Stand Up Paddleboard Tips for Beginners
March 01, 2016Thinking about trying out one of the most popular self propelled water sports? Stand Up Paddleboarding can be fun and a great workout for you and your family. This relaxing sport can give you some unique views of both sea creatures and the beautiful horizon before you. However before you set out you may want to familiarize yourself with some of the basics of Stand Up Paddleboarding. Obviously wear proper floatation devices for safety but also consult with our Crew Members about the type of gear you will need and proper use before you set out. You may even benefit from a lesson so that you can quickly learn and spend more time paddling along. Here are some of these basics to get you started on this enjoyable sport. Once you’ve mastered the basics, there’s almost no limit to the watery worlds you can explore on your stand up paddleboard. Play in the waves and ocean surf, carve turns or learn new strokes. For more tips consult our friendly and capable Crew Members.
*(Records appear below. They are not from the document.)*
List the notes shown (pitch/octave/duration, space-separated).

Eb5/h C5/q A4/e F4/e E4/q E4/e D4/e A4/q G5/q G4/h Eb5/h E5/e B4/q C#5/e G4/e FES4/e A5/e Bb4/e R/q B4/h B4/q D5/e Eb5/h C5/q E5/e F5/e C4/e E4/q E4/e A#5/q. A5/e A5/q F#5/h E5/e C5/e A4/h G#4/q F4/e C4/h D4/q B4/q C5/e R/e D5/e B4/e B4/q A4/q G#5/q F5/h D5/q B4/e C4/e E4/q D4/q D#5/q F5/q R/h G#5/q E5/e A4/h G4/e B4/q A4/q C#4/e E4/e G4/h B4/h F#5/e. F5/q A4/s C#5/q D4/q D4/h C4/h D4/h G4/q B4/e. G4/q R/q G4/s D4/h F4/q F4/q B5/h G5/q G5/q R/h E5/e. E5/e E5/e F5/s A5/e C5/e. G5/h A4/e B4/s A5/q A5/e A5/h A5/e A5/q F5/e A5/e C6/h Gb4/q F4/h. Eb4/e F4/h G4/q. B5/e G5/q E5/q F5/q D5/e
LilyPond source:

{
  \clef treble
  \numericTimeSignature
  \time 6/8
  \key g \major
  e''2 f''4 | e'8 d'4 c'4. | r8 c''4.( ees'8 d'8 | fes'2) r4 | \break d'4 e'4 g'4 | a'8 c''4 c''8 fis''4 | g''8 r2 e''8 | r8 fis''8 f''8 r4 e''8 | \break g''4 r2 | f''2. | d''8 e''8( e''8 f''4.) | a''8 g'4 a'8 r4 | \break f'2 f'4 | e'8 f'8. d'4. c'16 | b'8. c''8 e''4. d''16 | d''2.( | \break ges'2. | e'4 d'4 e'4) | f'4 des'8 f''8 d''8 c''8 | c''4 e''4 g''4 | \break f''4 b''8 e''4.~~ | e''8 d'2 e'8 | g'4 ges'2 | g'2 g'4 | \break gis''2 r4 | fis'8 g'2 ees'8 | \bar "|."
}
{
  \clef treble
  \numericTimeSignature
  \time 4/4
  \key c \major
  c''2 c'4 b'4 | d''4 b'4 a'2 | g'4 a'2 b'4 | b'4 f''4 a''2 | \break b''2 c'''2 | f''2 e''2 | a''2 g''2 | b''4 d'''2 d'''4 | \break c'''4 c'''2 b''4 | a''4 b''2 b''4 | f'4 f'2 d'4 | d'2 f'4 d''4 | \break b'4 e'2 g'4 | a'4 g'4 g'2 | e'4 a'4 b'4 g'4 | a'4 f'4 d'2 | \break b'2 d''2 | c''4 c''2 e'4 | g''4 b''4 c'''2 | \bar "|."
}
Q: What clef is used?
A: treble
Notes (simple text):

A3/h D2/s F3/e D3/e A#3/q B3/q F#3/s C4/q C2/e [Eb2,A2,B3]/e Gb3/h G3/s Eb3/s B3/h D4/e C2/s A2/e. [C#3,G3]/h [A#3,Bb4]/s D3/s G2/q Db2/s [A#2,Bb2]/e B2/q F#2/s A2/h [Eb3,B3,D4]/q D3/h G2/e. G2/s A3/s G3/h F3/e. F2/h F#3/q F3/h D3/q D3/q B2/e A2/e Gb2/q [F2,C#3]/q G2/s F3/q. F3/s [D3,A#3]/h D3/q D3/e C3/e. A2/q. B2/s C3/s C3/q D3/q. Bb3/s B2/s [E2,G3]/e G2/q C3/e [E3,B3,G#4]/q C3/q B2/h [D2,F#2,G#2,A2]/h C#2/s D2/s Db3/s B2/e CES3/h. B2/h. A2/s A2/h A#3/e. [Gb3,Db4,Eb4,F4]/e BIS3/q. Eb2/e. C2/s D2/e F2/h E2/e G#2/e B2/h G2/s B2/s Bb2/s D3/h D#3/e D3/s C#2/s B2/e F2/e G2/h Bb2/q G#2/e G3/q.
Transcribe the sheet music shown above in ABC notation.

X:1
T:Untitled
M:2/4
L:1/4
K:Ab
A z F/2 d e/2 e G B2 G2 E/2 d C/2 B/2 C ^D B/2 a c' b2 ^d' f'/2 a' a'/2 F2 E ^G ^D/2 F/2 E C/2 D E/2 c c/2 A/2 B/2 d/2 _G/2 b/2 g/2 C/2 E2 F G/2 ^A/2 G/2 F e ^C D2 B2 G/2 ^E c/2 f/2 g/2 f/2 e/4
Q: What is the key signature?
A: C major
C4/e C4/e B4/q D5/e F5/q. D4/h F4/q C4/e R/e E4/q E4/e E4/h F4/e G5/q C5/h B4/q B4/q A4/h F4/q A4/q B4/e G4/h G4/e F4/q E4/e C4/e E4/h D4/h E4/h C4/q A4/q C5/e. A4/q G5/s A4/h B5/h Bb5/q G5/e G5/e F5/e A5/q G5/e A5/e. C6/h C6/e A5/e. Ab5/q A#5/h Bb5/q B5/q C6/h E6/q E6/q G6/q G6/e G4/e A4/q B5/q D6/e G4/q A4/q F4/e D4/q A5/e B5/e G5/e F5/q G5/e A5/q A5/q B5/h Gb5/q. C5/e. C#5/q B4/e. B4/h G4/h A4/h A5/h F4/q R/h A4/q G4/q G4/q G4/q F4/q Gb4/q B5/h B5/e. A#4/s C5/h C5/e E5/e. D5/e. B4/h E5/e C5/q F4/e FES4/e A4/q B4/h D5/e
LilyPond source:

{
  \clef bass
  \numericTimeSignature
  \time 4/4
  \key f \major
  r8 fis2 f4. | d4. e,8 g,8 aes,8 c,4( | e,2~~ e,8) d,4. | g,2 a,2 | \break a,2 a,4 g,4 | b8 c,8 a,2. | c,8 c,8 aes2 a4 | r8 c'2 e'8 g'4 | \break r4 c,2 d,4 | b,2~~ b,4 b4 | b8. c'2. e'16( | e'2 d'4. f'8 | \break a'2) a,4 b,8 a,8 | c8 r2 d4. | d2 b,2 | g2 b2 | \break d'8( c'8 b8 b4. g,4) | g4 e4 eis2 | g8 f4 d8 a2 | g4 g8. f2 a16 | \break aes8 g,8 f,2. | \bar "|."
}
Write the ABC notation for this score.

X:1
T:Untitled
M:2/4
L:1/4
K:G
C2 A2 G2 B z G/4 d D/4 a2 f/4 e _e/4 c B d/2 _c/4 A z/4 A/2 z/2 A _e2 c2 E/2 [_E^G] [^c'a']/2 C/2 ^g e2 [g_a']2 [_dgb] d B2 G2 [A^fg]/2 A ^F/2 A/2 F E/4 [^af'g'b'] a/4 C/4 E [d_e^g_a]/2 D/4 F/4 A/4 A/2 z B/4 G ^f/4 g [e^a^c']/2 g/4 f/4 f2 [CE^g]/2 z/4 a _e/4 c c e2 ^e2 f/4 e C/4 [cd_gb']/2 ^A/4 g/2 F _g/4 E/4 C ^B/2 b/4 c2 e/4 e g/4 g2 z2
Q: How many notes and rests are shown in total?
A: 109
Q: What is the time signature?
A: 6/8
- Mounting your Paddleboard - At first, you may find it easier to kneel on the board rather than to stand upright. It may also be smart to choose flat calm water for your first excursion. Stand alongside your board with your paddle in shallow water. Hold the board by the rails. Pop yourself onto the board into a kneeling position, just behind the center point of the board. Get a feel for the balance point of the board. Once you’re ready, stand up on the board one foot at a time. Place your feet where your knees were. You might also bring a friend to help stabilize the board as you get the hang of standing on it.
- On the Water - Your feet should be parallel, about hip-width distance apart, centered between the board rails (edges). Don’t stand on the rails. Keep toes pointed forward, knees bent and your back straight. Balance with your hips—not your upper body. Keep your head and shoulders steady and upright, and shift your weight by moving your hips. Your gaze should be level at the horizon. Avoid staring at your feet.
- When You Fall Stand up paddleboarding is fairly easy to learn, but expect to take the occasional fall as you’re gaining skills. For those inevitable times you lose your balance: Aim yourself to the side, so that you fall into the water and not onto the board. Falling onto the board is more likely to cause an injury. If you get separated from your paddle and your board, get your board first, then paddle it to retrieve the paddle.